EXERCISE DESCRIPTION:
Word for word, transcribe every line from the one holding "You'll also want" through the end of the records, but not the pictures.

[Stored data]
>>

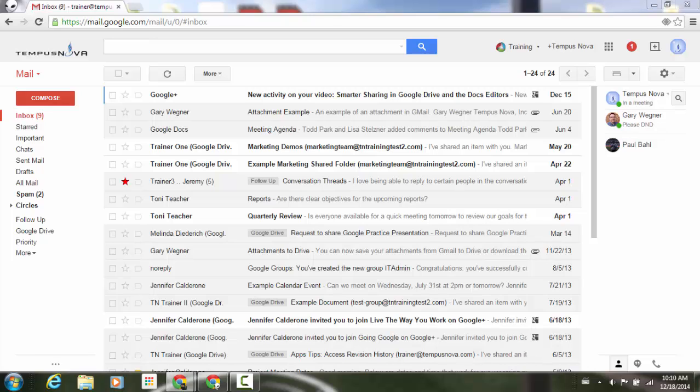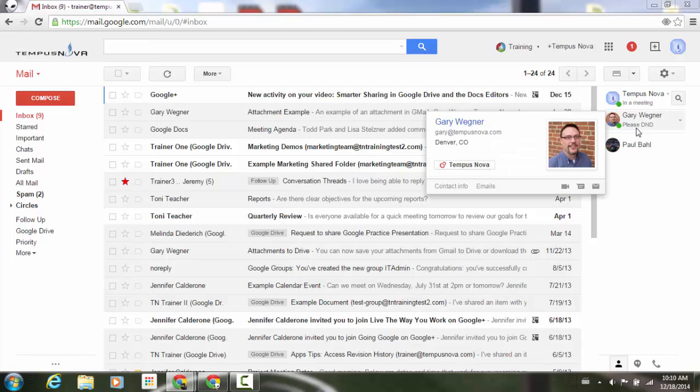And you'll see there's the status has now been added, please DND, or do not disturb. And now we have our statuses.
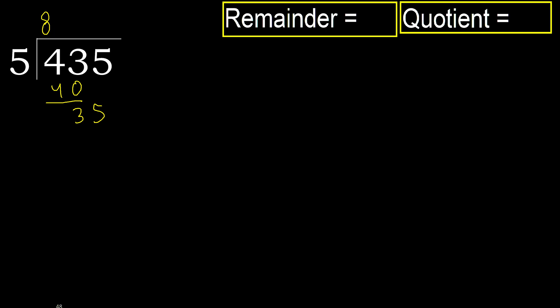35. 5 multiplied by 7, 35 is not greater. 35 minus 35, 0.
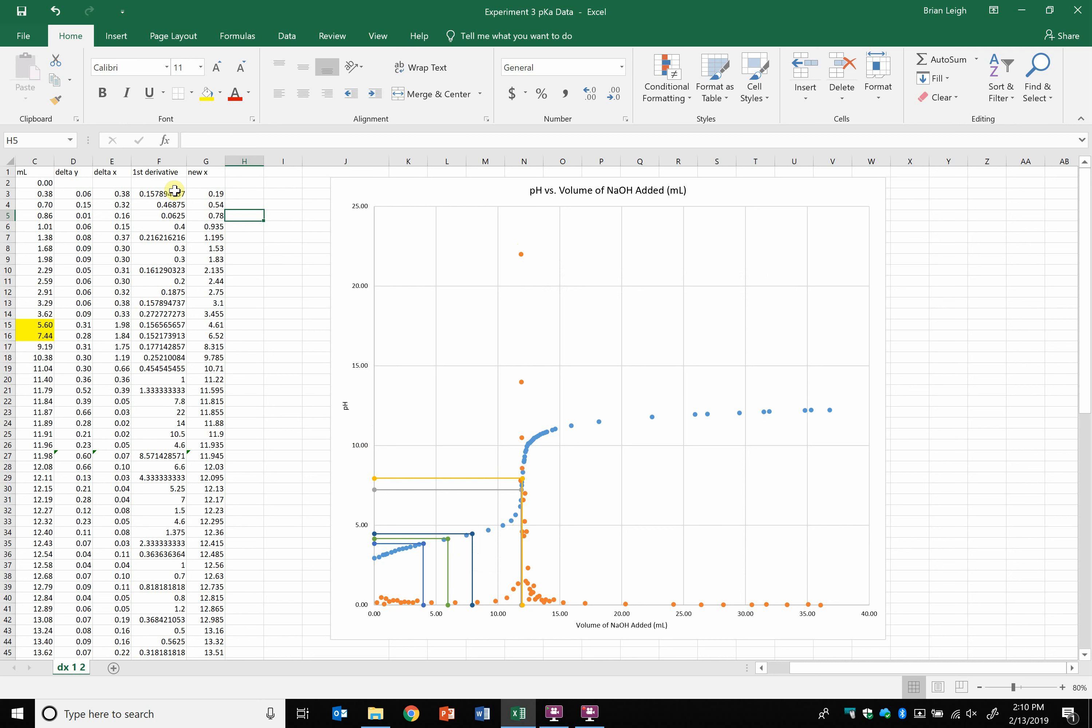First, you can plot this on a secondary axis and scale it. That takes a little bit of work, but in reality you can just scale your first derivative. We really don't care what the value of the first derivative is, we just want the largest one.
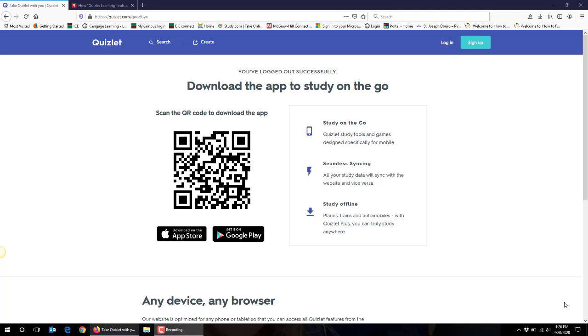Hi, my name is Amanda Kappin and this is a short demo on how you can use Quizlet for your classes.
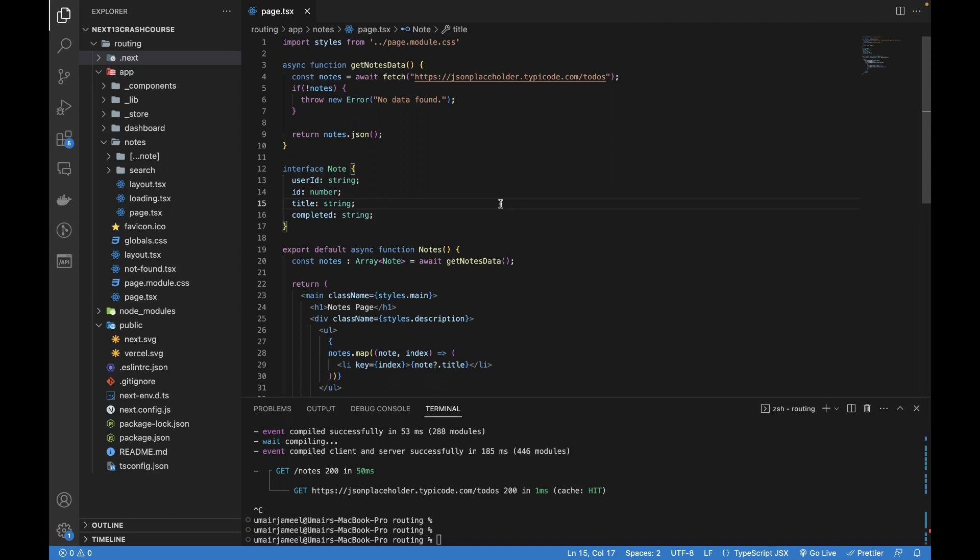Hi guys, welcome to another part of this tutorial series on Next.js 13. This part is very important because we are going to be talking about caching, how pre-rendering works in Next.js 13, and the different types of pre-rendering like static generation, dynamic generation, and the benefits of server-side data generation.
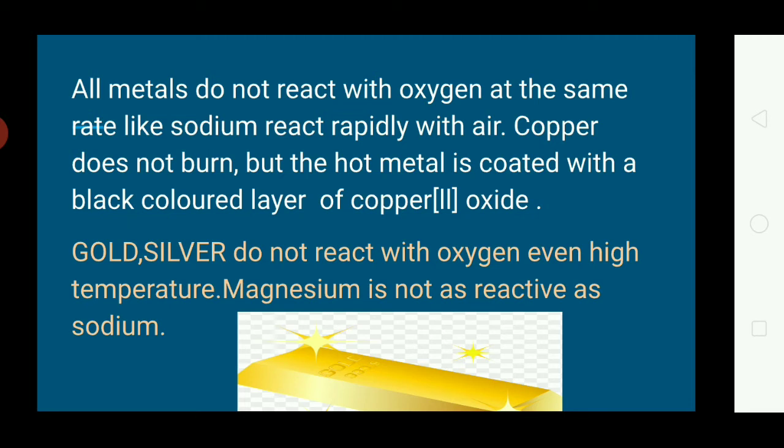Gold and silver do not react with oxygen even at high temperatures. Magnesium is not as reactive as sodium. Sodium is rapidly burned in air, but magnesium is less reactive compared to sodium.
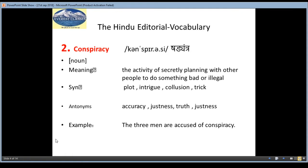The second word is Conspiracy, meaning Sadyantra. It is a noun and the meaning is the activity of secretly planning with other people to do something bad or illegal. If you are secretly planning something for someone, without telling them, you are planning something against them — that is Sadyantra.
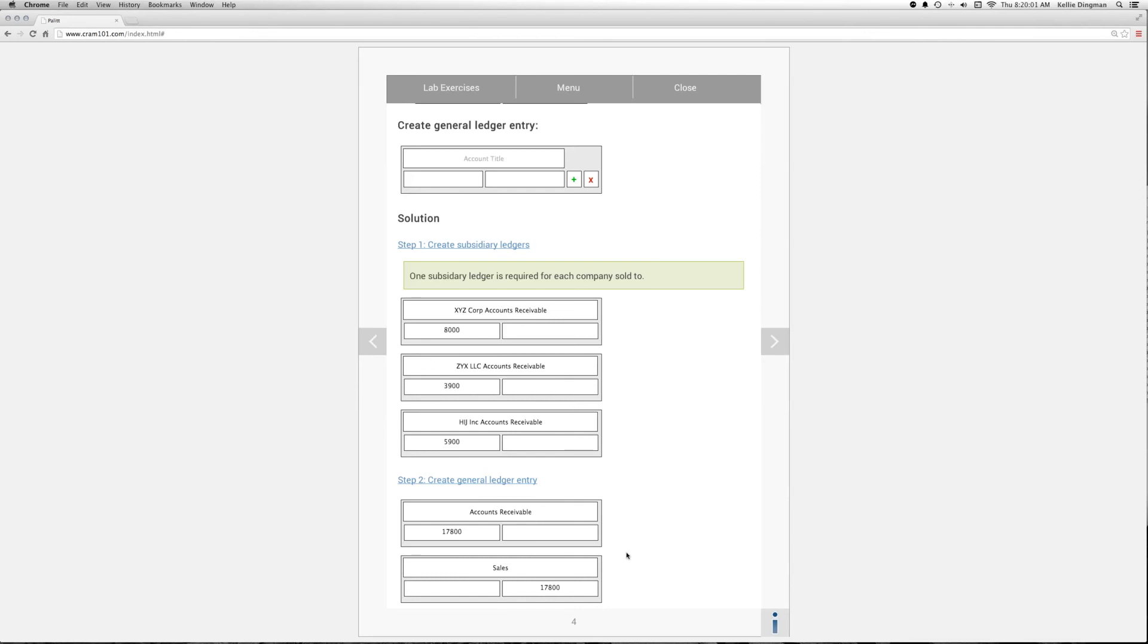You'll also want to go back and reverse any subsidiary ledger entries made for the sales during that month after the value has been posted to the general ledger. This will eliminate double counting sales.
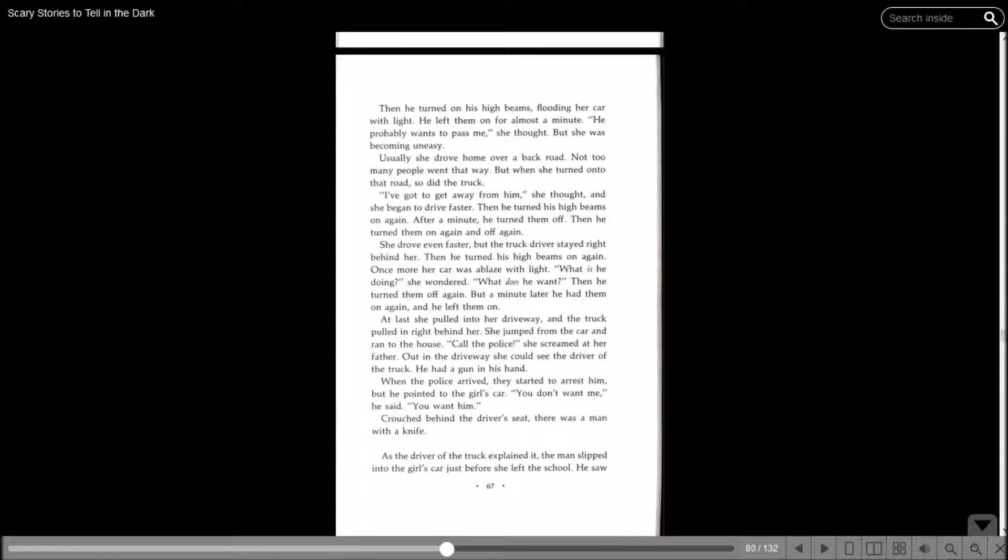Then he turned his high beams on again. After a minute, he turned them off. Then he turned them on again, and off again. She drove even faster, but the truck driver stayed right behind her. Then he turned his high beams on again. Once more, her car was ablaze with light. What is he doing, she wondered. What does he want? Then he turned them off again. But a minute later, he turned them on again, and he left them on. At last, she pulled into her driveway, and the truck pulled in right behind her.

<<

ANSWER FOR THIS EXERCISE:
You'll also want to go back and reverse any subsidiary ledger entries made for the sales during that month after the value has been posted to the general ledger. This will eliminate double counting sales.
Then he turned his high beams on again. After a minute, he turned them off. Then he turned them on again, and off again. She drove even faster, but the truck driver stayed right behind her. Then he turned his high beams on again. Once more, her car was ablaze with light. What is he doing, she wondered. What does he want? Then he turned them off again. But a minute later, he turned them on again, and he left them on. At last, she pulled into her driveway, and the truck pulled in right behind her.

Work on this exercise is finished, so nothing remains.